▶ [EXERCISE REQUIREMENTS] From top to bottom, retype the data exactly, passing over any picture.

▶ [DATASET SECTION]

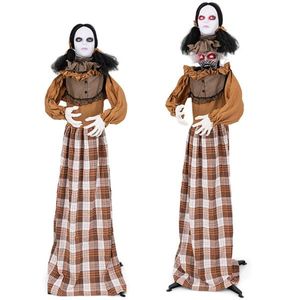 Bruja Animatrónica de Halloween de 1.65 m con Cabeza Abatible, Sonido/Activación por Botón, 4 Ojos Rojos Intermitentes y Sonidos de Gritos, Decoración de Halloween - Product Image 3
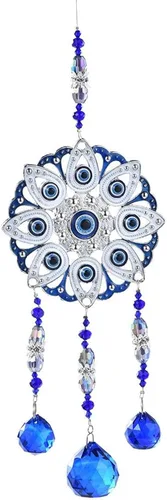 Vista 9 de Atrapasoles de ángel azul para decoración de mal de ojo, dije de mal de ojo colgante para ventana de coche, regalo de Navidad, decoración del hogar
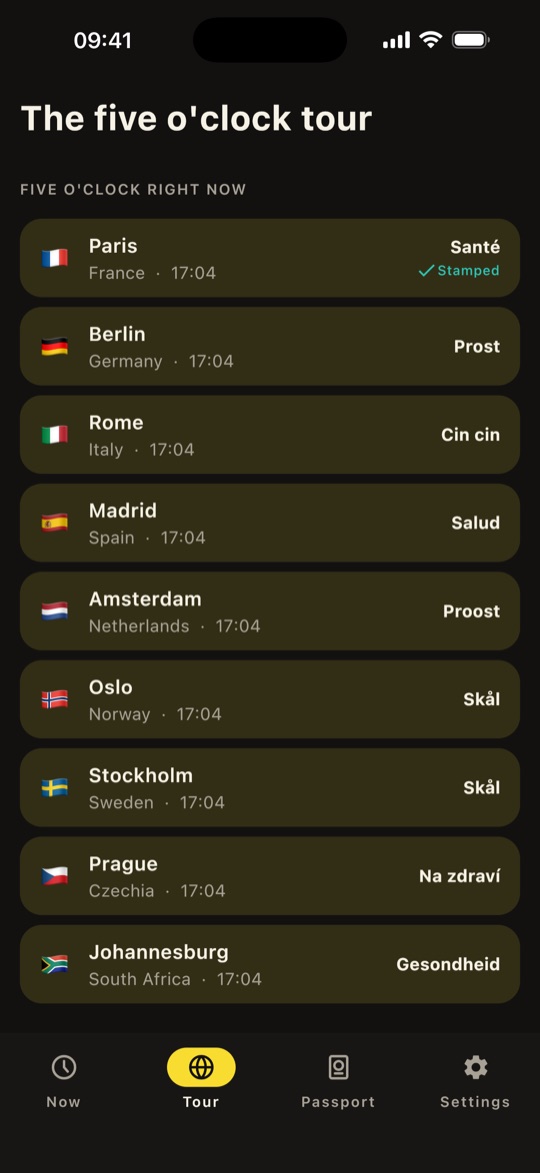 The tour: every city at five right now, each with its local toast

▶ [YOUR SOLUTION]
 Bruja Animatrónica de Halloween de 1.65 m con Cabeza Abatible, Sonido/Activación por Botón, 4 Ojos Rojos Intermitentes y Sonidos de Gritos, Decoración de Halloween - Product Image 3
 Vista 9 de Atrapasoles de ángel azul para decoración de mal de ojo, dije de mal de ojo colgante para ventana de coche, regalo de Navidad, decoración del hogar
 The tour: every city at five right now, each with its local toast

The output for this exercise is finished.